- Exercise -
Copy out exactly the lines from the first line of the material below through the line containing "Football Backdrop Customize", and nothing beyond them.
%%
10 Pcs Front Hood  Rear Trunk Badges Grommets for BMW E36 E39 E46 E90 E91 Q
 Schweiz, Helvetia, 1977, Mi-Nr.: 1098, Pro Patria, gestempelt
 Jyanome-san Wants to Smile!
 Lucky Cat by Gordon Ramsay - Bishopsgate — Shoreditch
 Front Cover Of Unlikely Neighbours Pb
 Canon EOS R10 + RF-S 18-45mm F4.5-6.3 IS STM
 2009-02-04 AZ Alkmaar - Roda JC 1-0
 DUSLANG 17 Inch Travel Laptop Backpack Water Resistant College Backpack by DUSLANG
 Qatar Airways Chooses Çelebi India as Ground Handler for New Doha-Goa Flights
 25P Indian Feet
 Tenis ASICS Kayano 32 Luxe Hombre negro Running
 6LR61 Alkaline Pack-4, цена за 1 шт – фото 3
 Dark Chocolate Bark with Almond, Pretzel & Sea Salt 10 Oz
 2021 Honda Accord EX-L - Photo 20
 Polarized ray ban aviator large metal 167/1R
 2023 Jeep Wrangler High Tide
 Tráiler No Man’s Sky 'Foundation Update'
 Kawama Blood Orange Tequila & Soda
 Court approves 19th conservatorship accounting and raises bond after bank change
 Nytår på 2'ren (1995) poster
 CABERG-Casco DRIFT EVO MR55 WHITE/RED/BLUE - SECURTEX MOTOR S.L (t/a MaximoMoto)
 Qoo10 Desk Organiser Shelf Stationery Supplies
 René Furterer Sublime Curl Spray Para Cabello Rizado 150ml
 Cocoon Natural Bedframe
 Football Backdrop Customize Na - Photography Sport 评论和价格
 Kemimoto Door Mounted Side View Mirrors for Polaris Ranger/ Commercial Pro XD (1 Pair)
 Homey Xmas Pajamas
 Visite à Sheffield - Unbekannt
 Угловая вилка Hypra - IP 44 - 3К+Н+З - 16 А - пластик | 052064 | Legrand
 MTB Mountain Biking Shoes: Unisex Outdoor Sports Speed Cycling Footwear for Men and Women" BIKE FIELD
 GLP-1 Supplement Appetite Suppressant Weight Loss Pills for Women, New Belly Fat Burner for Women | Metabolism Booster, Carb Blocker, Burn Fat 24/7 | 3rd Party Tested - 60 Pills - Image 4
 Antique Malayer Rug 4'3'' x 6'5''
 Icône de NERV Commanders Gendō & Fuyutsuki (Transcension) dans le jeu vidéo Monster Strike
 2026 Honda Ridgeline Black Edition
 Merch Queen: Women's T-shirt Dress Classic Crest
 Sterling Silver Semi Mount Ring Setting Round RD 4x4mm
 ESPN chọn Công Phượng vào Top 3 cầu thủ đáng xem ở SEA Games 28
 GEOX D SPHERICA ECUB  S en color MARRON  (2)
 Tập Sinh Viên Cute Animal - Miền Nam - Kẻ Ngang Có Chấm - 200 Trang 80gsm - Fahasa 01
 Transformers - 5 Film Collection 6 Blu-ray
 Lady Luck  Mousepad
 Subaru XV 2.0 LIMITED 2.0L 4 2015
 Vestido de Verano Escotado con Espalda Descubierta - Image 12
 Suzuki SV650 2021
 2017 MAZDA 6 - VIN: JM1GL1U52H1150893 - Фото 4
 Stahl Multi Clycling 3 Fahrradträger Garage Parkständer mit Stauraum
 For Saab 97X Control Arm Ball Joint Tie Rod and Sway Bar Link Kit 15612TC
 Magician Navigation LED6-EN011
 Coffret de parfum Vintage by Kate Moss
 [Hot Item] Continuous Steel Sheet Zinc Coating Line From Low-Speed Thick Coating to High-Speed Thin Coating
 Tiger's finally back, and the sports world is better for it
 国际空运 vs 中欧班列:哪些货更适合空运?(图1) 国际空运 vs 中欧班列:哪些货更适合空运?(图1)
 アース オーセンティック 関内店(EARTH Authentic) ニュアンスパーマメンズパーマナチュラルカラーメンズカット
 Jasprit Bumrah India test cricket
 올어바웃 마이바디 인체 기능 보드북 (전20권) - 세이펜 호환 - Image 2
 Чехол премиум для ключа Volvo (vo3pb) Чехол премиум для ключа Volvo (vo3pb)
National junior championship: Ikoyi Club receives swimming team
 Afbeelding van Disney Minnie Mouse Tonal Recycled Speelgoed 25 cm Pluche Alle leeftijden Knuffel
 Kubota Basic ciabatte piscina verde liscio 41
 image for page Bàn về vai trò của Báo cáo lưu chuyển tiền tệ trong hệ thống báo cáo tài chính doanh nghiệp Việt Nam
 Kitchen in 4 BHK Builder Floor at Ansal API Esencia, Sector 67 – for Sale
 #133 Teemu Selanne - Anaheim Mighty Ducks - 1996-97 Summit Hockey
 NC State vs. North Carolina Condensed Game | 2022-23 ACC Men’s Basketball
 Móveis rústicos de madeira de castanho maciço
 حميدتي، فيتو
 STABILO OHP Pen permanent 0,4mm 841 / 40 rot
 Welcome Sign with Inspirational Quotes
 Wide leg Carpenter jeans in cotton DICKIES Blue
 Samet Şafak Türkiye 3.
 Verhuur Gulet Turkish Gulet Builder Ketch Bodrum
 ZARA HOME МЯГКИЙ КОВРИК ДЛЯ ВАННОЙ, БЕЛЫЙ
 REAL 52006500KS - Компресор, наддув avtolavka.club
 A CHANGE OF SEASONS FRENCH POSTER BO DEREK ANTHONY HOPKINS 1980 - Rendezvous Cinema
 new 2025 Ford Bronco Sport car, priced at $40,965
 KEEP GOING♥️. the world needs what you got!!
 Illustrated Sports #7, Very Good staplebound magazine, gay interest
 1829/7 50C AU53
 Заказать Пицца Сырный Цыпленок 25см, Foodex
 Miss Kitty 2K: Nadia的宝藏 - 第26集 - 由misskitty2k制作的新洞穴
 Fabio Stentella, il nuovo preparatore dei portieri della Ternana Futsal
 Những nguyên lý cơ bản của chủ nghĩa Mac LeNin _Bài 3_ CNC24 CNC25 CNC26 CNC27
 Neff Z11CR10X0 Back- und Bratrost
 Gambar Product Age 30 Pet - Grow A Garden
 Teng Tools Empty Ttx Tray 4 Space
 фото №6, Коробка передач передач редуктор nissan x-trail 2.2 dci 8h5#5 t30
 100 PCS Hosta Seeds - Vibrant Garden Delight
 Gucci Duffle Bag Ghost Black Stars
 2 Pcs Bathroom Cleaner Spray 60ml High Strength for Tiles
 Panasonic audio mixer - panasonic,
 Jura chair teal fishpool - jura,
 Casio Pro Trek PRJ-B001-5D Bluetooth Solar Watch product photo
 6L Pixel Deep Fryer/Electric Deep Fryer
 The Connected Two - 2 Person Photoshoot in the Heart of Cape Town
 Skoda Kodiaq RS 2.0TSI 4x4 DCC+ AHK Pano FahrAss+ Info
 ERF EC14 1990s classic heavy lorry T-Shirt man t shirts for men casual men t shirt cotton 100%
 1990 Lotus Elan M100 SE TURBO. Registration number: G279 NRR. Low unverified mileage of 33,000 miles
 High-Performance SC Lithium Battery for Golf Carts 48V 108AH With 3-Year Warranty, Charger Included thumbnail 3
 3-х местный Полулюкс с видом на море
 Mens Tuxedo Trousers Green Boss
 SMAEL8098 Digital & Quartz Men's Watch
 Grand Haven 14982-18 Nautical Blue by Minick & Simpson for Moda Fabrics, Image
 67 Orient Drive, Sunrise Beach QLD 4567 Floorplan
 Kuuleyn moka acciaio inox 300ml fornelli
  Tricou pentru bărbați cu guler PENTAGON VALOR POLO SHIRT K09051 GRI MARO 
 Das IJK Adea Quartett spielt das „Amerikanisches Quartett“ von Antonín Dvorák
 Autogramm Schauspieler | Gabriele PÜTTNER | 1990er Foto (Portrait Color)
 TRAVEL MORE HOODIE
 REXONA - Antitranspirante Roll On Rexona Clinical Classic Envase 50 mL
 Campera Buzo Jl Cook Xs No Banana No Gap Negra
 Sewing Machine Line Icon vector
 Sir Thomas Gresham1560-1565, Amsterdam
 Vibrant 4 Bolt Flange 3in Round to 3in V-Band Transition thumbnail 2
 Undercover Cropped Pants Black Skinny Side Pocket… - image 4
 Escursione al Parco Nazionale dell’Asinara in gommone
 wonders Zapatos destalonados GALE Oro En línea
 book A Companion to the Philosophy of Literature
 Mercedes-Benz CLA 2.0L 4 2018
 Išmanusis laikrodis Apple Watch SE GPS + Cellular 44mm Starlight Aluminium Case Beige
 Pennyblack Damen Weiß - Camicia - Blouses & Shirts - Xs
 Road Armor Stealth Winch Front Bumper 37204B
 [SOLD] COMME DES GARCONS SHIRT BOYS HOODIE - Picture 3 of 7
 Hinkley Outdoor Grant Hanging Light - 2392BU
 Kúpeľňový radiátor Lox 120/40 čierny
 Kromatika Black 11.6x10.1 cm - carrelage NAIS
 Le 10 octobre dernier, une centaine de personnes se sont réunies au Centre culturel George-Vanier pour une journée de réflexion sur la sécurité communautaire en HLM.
%%
- Output below -
10 Pcs Front Hood  Rear Trunk Badges Grommets for BMW E36 E39 E46 E90 E91 Q
 Schweiz, Helvetia, 1977, Mi-Nr.: 1098, Pro Patria, gestempelt
 Jyanome-san Wants to Smile!
 Lucky Cat by Gordon Ramsay - Bishopsgate — Shoreditch
 Front Cover Of Unlikely Neighbours Pb
 Canon EOS R10 + RF-S 18-45mm F4.5-6.3 IS STM
 2009-02-04 AZ Alkmaar - Roda JC 1-0
 DUSLANG 17 Inch Travel Laptop Backpack Water Resistant College Backpack by DUSLANG
 Qatar Airways Chooses Çelebi India as Ground Handler for New Doha-Goa Flights
 25P Indian Feet
 Tenis ASICS Kayano 32 Luxe Hombre negro Running
 6LR61 Alkaline Pack-4, цена за 1 шт – фото 3
 Dark Chocolate Bark with Almond, Pretzel & Sea Salt 10 Oz
 2021 Honda Accord EX-L - Photo 20
 Polarized ray ban aviator large metal 167/1R
 2023 Jeep Wrangler High Tide
 Tráiler No Man’s Sky 'Foundation Update'
 Kawama Blood Orange Tequila & Soda
 Court approves 19th conservatorship accounting and raises bond after bank change
 Nytår på 2'ren (1995) poster
 CABERG-Casco DRIFT EVO MR55 WHITE/RED/BLUE - SECURTEX MOTOR S.L (t/a MaximoMoto)
 Qoo10 Desk Organiser Shelf Stationery Supplies
 René Furterer Sublime Curl Spray Para Cabello Rizado 150ml
 Cocoon Natural Bedframe
 Football Backdrop Customize Na - Photography Sport 评论和价格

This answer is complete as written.